### What to produce
Once you find the line with "Canterbury New Zealand" in the entries below, print it and each line after it up to and including the line with "FNAF Bonnie the", exactly, without pictures.

### Material for this task
-- Opening Marker --

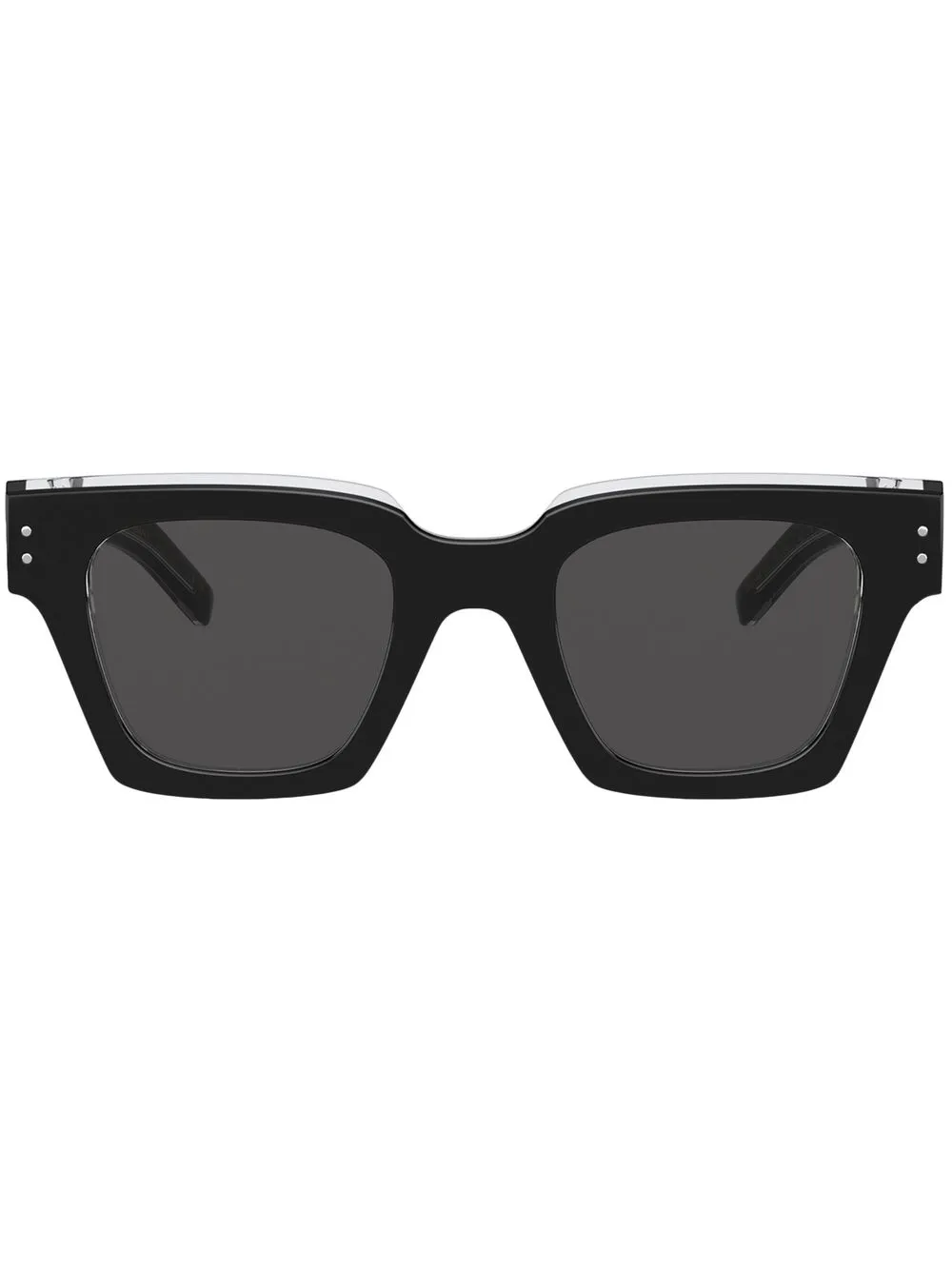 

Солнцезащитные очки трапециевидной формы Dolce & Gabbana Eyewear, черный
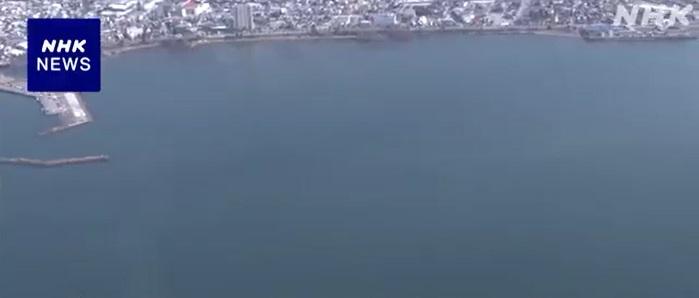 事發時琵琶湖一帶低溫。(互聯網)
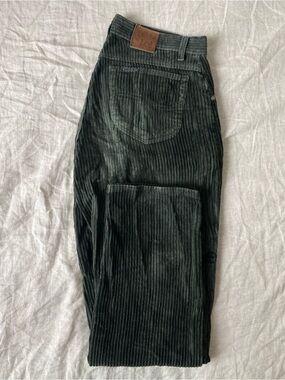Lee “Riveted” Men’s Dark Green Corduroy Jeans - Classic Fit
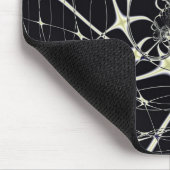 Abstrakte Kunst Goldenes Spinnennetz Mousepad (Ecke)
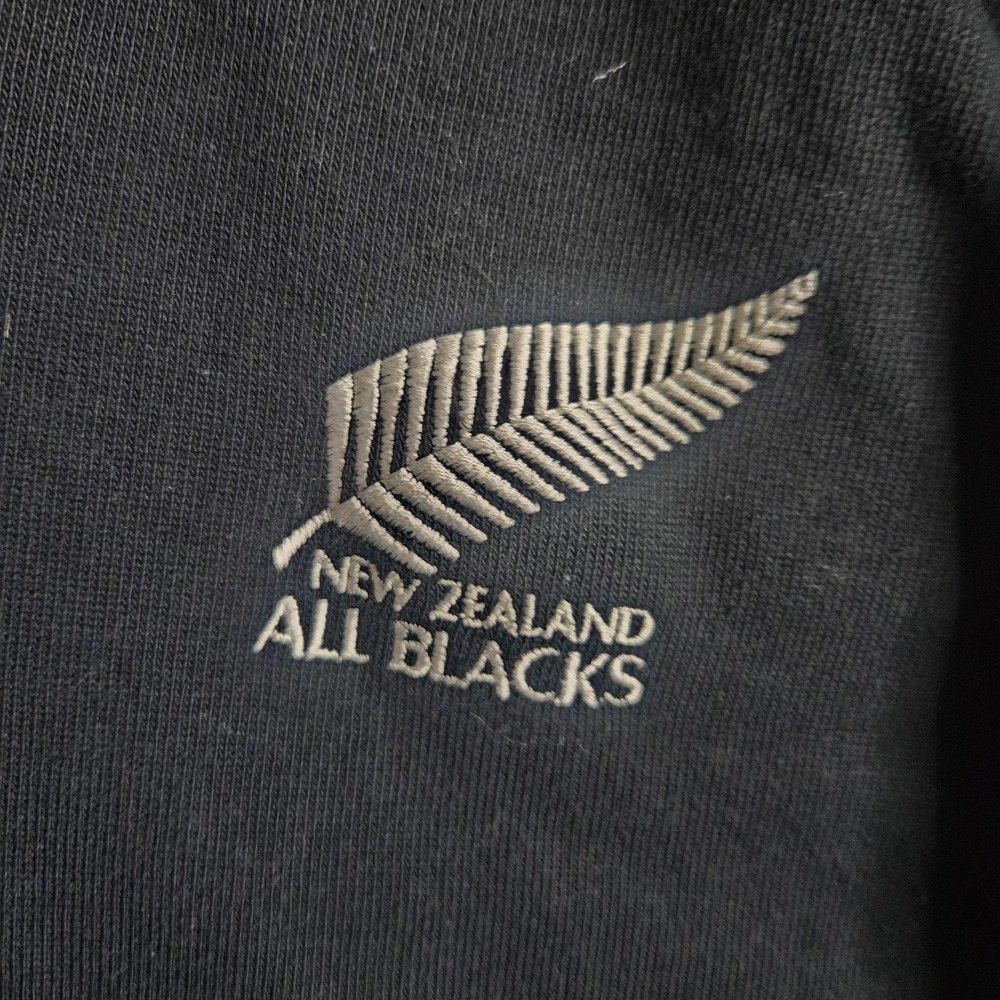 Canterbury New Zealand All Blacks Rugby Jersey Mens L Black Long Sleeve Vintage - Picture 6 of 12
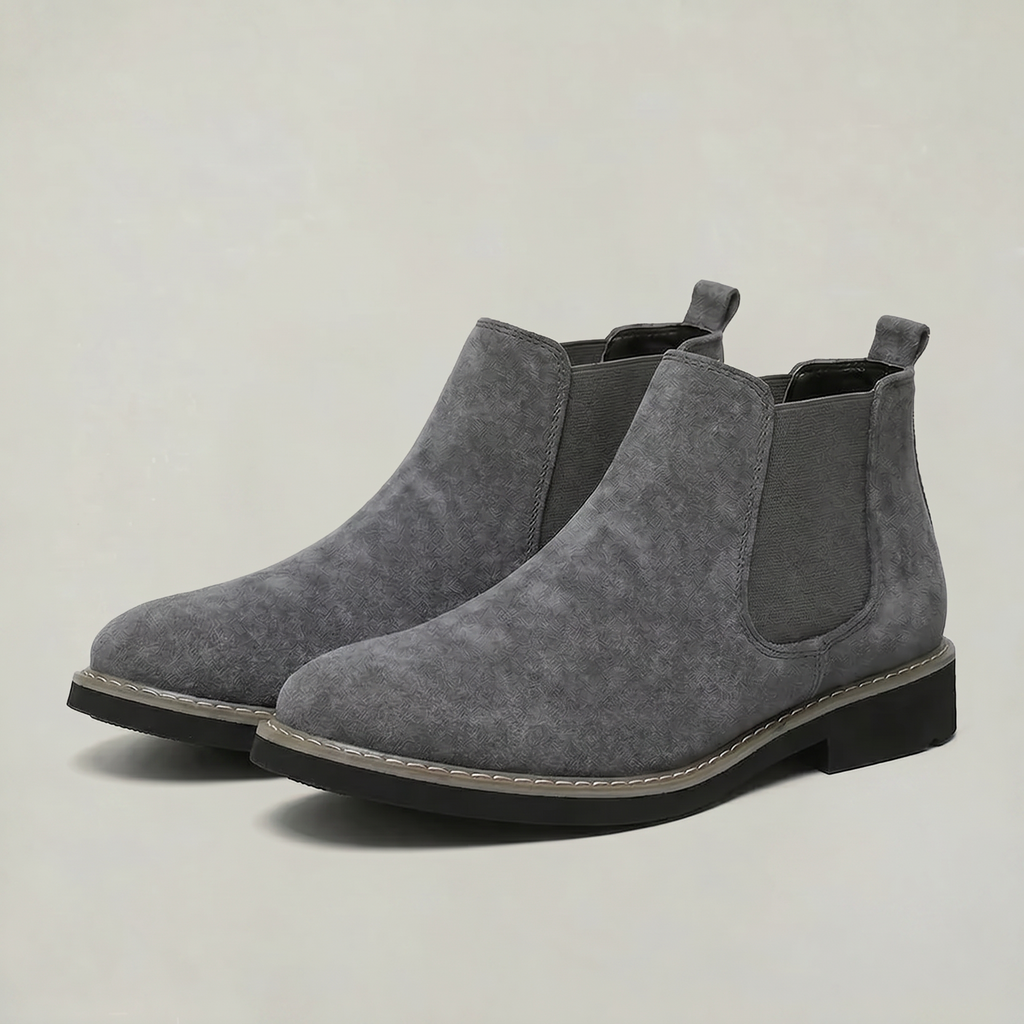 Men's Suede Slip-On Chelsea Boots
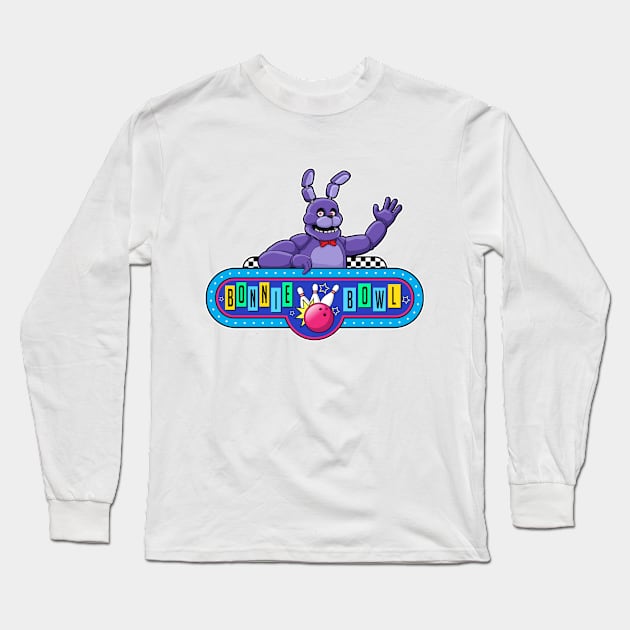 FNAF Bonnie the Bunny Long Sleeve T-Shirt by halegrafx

-- Closing Marker --
-- Opening Marker --

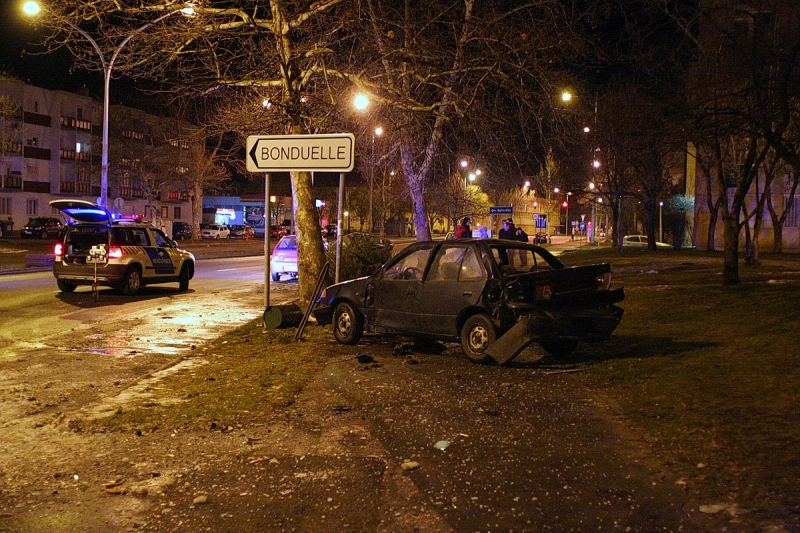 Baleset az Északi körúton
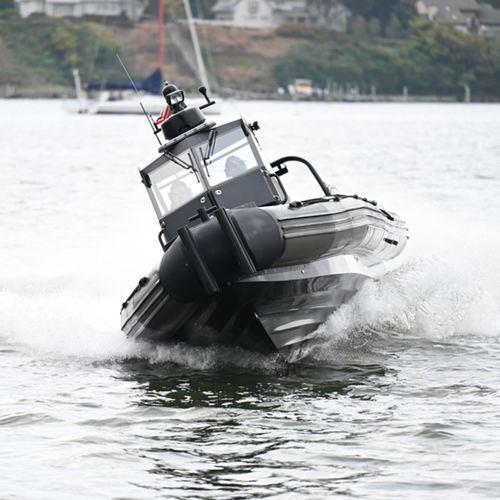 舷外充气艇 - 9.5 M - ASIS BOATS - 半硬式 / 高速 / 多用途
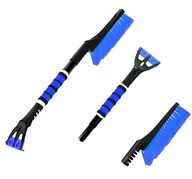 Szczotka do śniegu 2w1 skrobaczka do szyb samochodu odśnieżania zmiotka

-- Closing Marker --
-- Opening Marker --

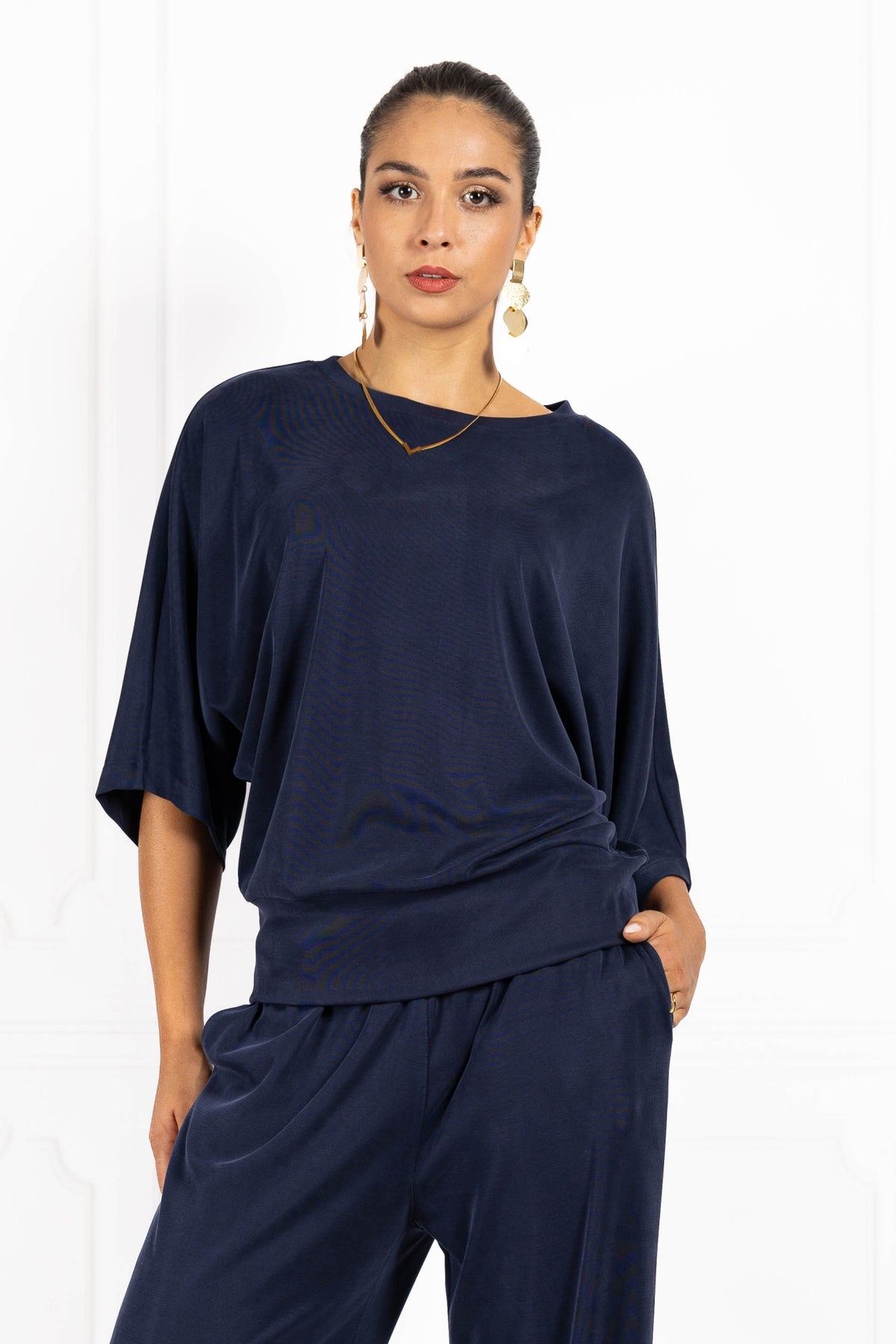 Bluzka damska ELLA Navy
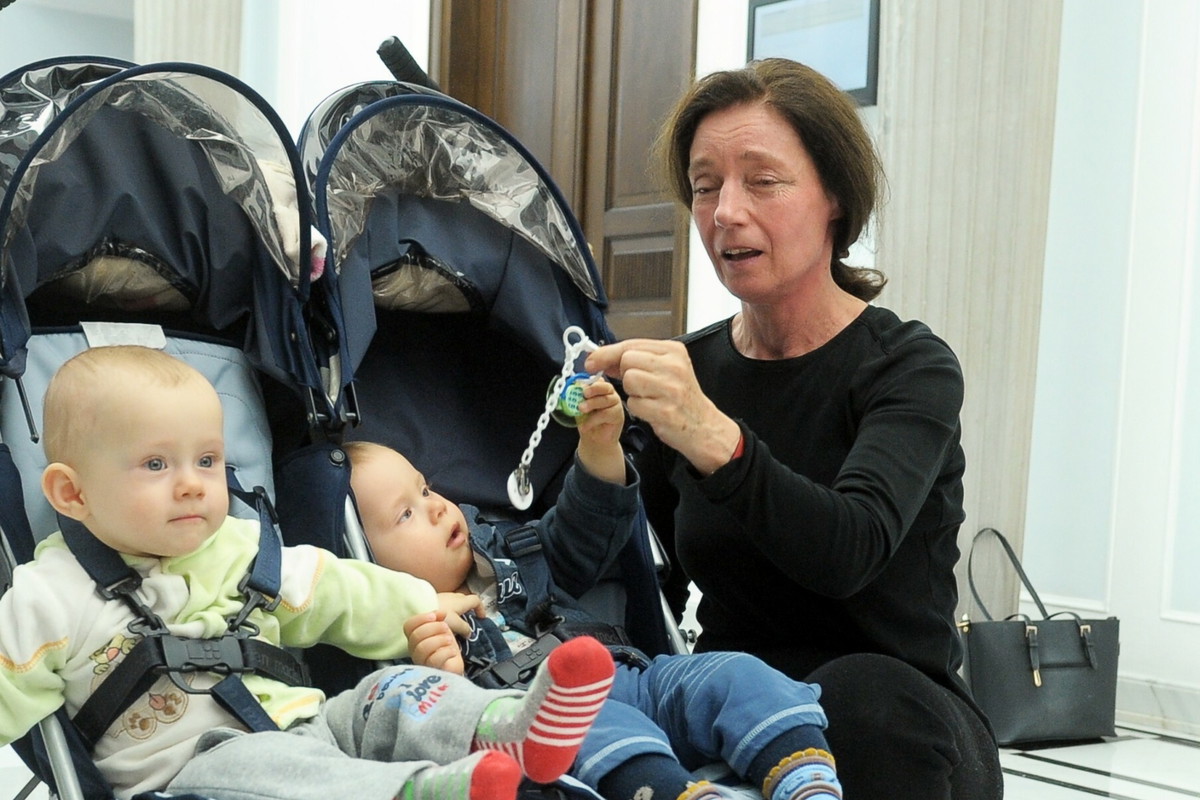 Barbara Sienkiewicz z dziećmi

-- Closing Marker --

### Your response
 Canterbury New Zealand All Blacks Rugby Jersey Mens L Black Long Sleeve Vintage - Picture 6 of 12
 Men's Suede Slip-On Chelsea Boots
 FNAF Bonnie the Bunny Long Sleeve T-Shirt by halegrafx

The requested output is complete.